А как отбирает и строит свой мир другой, здоровый инстинкт, инстинкт сильных и удавшихся одиночек? Он ставит человека лицом к бездне, делает его, если можно так выразиться, любовником бездны(а любовь к бездне, по-моему, и порождает творчество) и, по Ницше, позволяет ему «использовать ужасные стороны жизни», обращать их себе на пользу, даже если они сами по себе губительны. Он не разрешает человеку забыть о бездне, а, наоборот, все время напоминает ему о ней. Отбор здесь тоже ведет разум, но этот разум, послушный верному инстинкту, занят установлением дистанций, «разверзанием расстояний», созданием иерархии и берет нужное — не себе, а человеку как целому, — отовсюду, от света и от тьмы.

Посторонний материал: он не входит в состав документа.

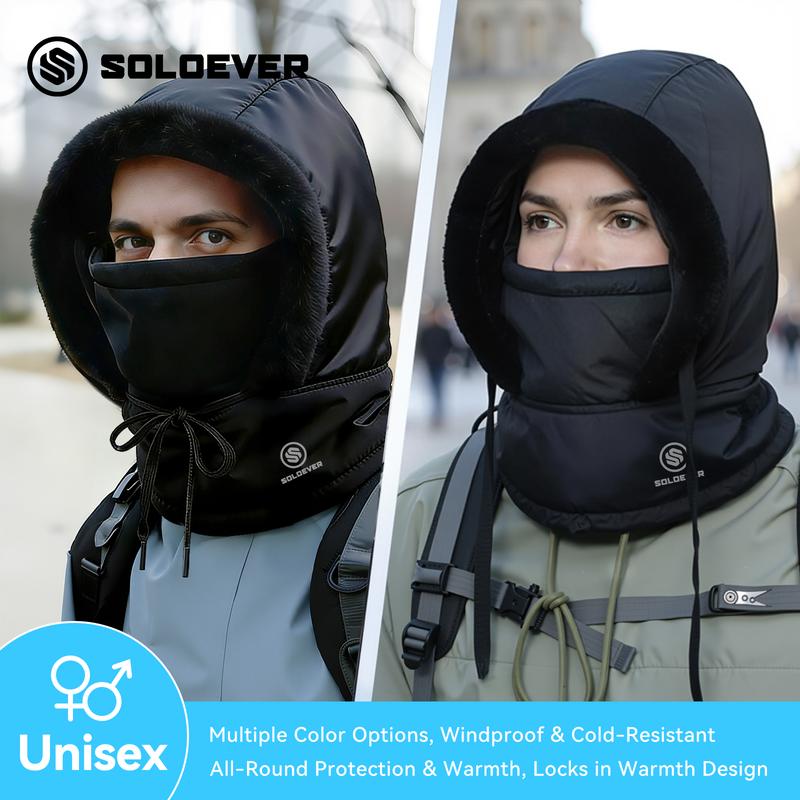 SOLOEVER 3-in-1 Thermal Hat Plush Balaclava Windproof Waterproof Adjustable Fit for Men Women Unisex Design Ideal for Outdoor Activities Ideal Gifts for Christmas outdoor winter warm hat cold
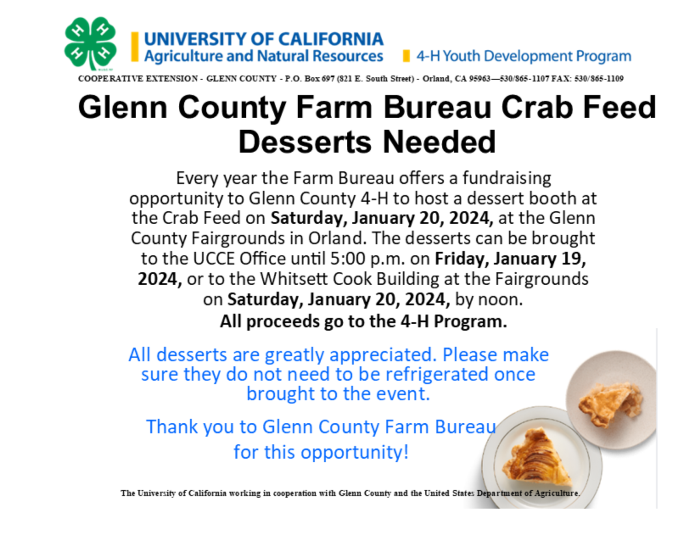 2024 Glenn County Crab Feed Dessert Reminder Postcard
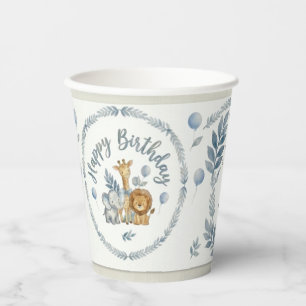 Blue Safari Baby Animals 8oz Cup Z Kids Party Co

Но зачем разверзать дистанции и устанавливать иерархию? Затем, что дистанция позволяет внутренне отделиться от «толпы», от «стада», «индивидуироваться», а, проще говоря, стать собой, стать личностью. Такое разверзание, по Ницше, необходимо форсировать и как стратегию становления личности — чем больше в ней будет контрастов и противоречий, тем лучше для ее становления (хотя, вероятнее всего, тем хуже для нее как обычного человеческого существа, которым она, конечно, тоже является). Дает ли установление дистанций в обоих смыслах силу — и если дает, то какую?